## ENTRIES PROVIDED:
----

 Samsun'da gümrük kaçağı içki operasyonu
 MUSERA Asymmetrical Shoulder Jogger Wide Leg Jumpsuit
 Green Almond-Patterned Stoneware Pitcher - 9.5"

----

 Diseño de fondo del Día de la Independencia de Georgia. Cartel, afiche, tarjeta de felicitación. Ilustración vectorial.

----

## TASK BRIEF:
Above are some lines. Repeat exactly, and only, those from the line that has "Samsun'da gümrük kaçağı içki operasyonu" through the line that has "Green Almond-Patterned Stoneware".

## ANSWER TO THIS EXERCISE:
 Samsun'da gümrük kaçağı içki operasyonu
 MUSERA Asymmetrical Shoulder Jogger Wide Leg Jumpsuit
 Green Almond-Patterned Stoneware Pitcher - 9.5"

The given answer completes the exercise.